# Why isn't this a counterexample of Banach-Steinhaus theorem?

The theorem from Wikipedia is as follows

Let $$X$$ be Banach space, $$Y$$ be a normed space and $$F$$ be family of linear bounded operators $$f:X \to Y$$ such that $$\forall x \in X \sup_{f \in F} \|f(x)\|_Y < \infty$$. Then $$\sup_{f \in F ,\ \|x\| = 1} \| f(x)\|_Y = \sup_{f \in F} \| f\| < \infty$$

I thought the following "counterexample"

Let $$X = Y$$ be a Banach space. It normalised linear (Hamel) basis $$A = \{e_\alpha\}_{\alpha\in J}$$ is uncountble ($$|A| \ge 2^{\aleph_0}$$) and let $$J = \{e_j\}_{j \in \mathbb N} \subset A$$ be a (countable) sequence thereof. Now let $$\{f_n\}_{n\in \mathbb N}$$ the countable family of operators, such that $$f_n(e_\alpha) = \begin{cases} e_\alpha & e_\alpha \in A\backslash J \\ \frac{1}{\frac{1}{j+1} + \frac{1}{n+1}}e_j & e_\alpha = e_j \in J. \end{cases}$$ i.e. all what an operator does here is that it scales a countably infinite basis vectors by bounded sequence, from this I believe that these operators are bounded with $$\|f_n\| = n+1$$ (which may turn out not to be the case, as the comments below suggest).
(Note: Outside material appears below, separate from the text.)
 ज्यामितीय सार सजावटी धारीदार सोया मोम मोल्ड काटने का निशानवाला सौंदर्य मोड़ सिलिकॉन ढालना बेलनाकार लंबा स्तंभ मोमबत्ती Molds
Considering $$\|f_n(e_\alpha)\| = \begin{cases} 1 & e_\alpha \in A\backslash J \\ \frac{1}{\frac{1}{j+1} + \frac{1}{n+1}} & e_\alpha = e_j \in J \end{cases}$$ we find $$\sup_{n \in \mathbb N}\|f_n(e_\alpha)\| = 1$$ or $$j+1$$ (depending on $$\alpha$$), I thought that is enough to conclude, (since $$x = \sum x_k e_k$$) that condition $$\sup_{n \in \mathbb N}\|f_n(x)\| \le \sup_{n \in \mathbb N} \sum_k |x_k| \|f_n(e_k)\| < \infty$$ for every $$x \in X$$ is statisfied. Now if we take the sequence $$(\|f_n\|)_{n \in \mathbb N}$$ it is not bounded.

What is the mistake ?

Added: to disprove this is a counerexample, I think, it is sufficient to show that in any norm on $$X$$ which has the Hamel basis $$\{e_\alpha\}_{\alpha \in A}$$ normalised we have (infinitely many elements in) $$\{f_n\}_{n \in \mathbb N}$$ not bounded. Otherwise there is a norm such that (most of) these maps are bounded and the sequence $$(\|f_n\|)_{n \in \mathbb N}$$ is not bounded.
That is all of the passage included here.